- [What is required] Please restate, word for word, the lines below that begin at the one with "物业帮忙找猫，送什么礼物合适呢？" and end at the one with "FILA Pull à". Leave out all other lines.

- Opening Delimiter -

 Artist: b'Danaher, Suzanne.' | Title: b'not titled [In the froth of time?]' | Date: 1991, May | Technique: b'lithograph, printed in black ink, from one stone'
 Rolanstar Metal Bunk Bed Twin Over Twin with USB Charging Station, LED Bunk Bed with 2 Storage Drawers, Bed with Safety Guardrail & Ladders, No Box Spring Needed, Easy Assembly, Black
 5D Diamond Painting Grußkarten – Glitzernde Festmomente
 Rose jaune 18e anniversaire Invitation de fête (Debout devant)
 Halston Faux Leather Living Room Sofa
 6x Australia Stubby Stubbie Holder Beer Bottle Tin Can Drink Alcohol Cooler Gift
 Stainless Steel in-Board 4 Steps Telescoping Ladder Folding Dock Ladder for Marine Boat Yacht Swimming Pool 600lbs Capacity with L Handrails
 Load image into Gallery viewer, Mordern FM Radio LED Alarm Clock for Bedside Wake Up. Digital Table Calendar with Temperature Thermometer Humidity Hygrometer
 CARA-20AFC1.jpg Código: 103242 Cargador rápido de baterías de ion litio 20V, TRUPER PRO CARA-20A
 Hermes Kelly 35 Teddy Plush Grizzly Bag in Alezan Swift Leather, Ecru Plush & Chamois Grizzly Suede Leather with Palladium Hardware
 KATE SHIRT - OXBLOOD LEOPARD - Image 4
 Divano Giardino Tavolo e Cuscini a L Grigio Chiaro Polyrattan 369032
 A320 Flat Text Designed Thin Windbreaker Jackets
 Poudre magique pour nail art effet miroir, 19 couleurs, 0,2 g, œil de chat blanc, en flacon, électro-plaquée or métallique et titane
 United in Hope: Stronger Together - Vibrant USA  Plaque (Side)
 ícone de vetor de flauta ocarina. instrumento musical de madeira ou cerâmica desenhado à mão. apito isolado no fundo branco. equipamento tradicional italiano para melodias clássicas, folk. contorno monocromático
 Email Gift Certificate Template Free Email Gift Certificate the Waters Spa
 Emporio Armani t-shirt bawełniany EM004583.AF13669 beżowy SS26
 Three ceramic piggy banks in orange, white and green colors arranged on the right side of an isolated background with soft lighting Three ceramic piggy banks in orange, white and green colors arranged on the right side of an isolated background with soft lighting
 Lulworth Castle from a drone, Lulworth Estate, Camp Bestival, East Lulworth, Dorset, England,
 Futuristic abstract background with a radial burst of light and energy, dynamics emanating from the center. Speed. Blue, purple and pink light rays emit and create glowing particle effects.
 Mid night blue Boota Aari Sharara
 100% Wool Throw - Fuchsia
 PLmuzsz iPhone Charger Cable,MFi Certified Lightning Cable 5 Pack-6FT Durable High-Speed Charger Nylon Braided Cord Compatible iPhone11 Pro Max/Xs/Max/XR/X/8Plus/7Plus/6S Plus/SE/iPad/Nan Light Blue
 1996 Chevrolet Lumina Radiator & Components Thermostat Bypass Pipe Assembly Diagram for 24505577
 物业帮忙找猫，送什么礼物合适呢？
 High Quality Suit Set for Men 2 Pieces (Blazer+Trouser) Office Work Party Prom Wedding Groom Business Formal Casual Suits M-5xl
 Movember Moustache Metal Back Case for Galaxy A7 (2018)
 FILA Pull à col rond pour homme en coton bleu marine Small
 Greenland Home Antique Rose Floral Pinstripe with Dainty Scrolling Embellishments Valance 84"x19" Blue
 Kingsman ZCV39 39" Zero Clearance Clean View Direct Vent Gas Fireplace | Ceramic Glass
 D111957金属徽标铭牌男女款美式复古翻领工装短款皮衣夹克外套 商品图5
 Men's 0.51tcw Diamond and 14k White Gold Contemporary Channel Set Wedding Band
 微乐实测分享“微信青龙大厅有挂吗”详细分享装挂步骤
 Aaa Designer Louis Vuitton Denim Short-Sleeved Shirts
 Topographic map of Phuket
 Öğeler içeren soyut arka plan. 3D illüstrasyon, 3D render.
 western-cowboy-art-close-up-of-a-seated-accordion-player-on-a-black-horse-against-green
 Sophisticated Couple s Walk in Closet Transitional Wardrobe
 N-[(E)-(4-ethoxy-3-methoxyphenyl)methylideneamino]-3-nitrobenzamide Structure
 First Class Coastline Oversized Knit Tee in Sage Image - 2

- Closing Delimiter -

- [Task answer]
 物业帮忙找猫，送什么礼物合适呢？
 High Quality Suit Set for Men 2 Pieces (Blazer+Trouser) Office Work Party Prom Wedding Groom Business Formal Casual Suits M-5xl
 Movember Moustache Metal Back Case for Galaxy A7 (2018)
 FILA Pull à col rond pour homme en coton bleu marine Small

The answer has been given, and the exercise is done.